* [Data excerpt]:
________

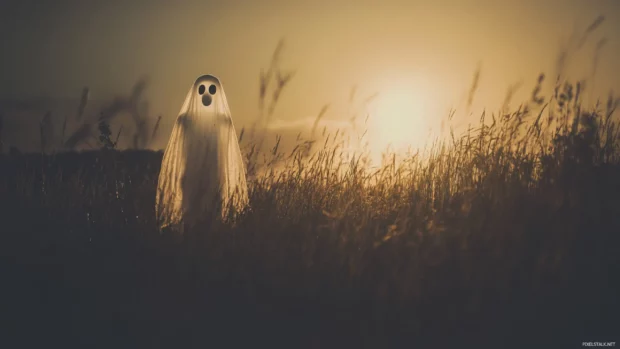 Ghost outlined in vintage grain floating across twilight field.
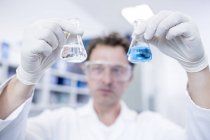 Male laboratory assistant holding chemical flasks. — Stock Photo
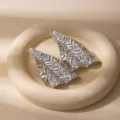 Silver metallic leaf earrings, retro geometric irregular design, chic fashion variant. - E1548-7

________

* [Exercise details]: Please reproduce verbatim the lines from the line with "Male laboratory assistant" through the final line of the listing, inclusive of both ends. Omit all pictures.

* [Answer space]:
 Male laboratory assistant holding chemical flasks. — Stock Photo
 Silver metallic leaf earrings, retro geometric irregular design, chic fashion variant. - E1548-7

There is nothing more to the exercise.